Surface integral via divergence theorem and Stokes' theorem

Question

I want to compute $\iint_{\Sigma}(\nabla\times F)\cdot \omega dS$ where $\Sigma:=\{(x,y,z)\in\mathbb{R}^3:\sqrt{x^2+y^2}=z, 2+\frac{x}{4}\leq z\leq 4\}$, $F=(y,z,x)$ and $\omega (-3,0,3)=\frac{\sqrt{2}}{2}(1,0,1)$.

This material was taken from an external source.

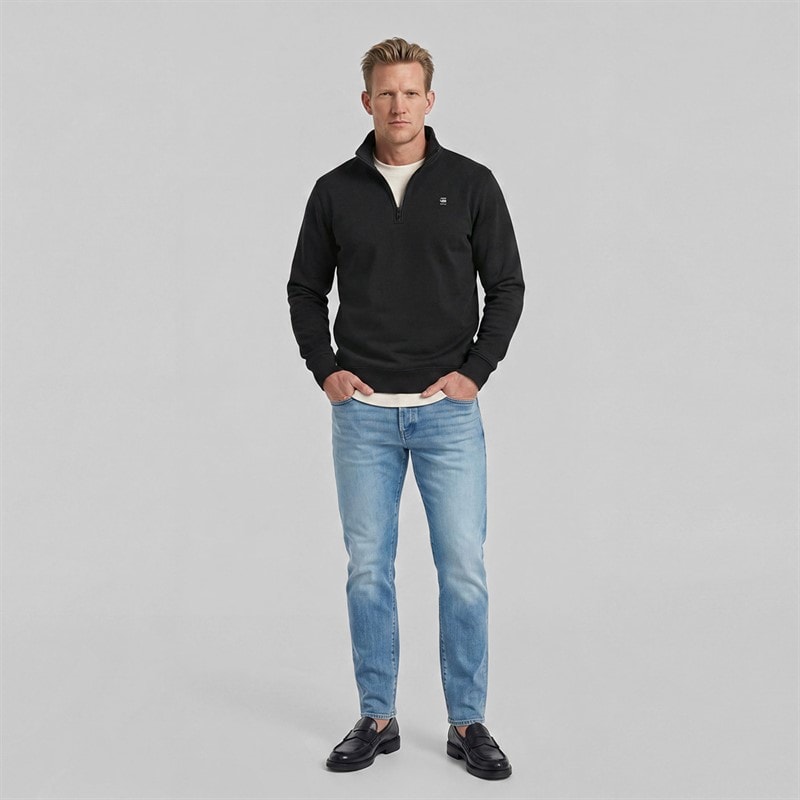 Mens Core Half Zip Sweatshirt Black - Image 4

1) Applying the divergence theorem I got $\iint_{\Sigma}(\nabla\times F)\cdot \omega dS=\iiint_{V(\Sigma)}\nabla\cdot (\nabla\times F)dV-\iint_{z=4\cap cone}(\nabla\times F)\cdot \omega dS-\iint_{z=2+x/2\cap cone}(\nabla\times F)\cdot \omega dS=0-0-(-16\pi )=16\pi$

2) To check the result I've also applied Stokes's theorem taking as C the circumference $\sqrt{x^2+y^2}=4$ and I get $\oint_C F\cdot dr=\int_{0}^{2\pi}(4\sin (t),4,4\cos (t))\cdot (-4\sin (t), 4\cos (t),0)dt- \iint_{z=2+x/2\cap cone} (\nabla\times F)\cdot \omega dS =16\pi -0=16\pi$

So, is what I did correct?

Answer 1

HINT:

The contour $x^2+y^2=4$ does bound the open surface given by $z=\sqrt{x^2+y^2}$ with $2+x/4\le z\le 4$ plus the open (ellipse) surface $\sqrt{x^2+y^2}\le 2+x/4=z$. It also bounds the disk $x^2+y^2\le 4$, $z=4$.

But in applying Stokes's Theorem, the line integral either (i) does not include the part of the closed surface $\sqrt{x^2+y^2}\le 4$, $z=4$ or (ii) only accounts for the surface $\sqrt{x^2+y^2} \le 4$, $z=4$.

To apply Stokes's Theorem to a closed surface, simply split the surface into two separate surface that share a common boundary contour with opposing orientations.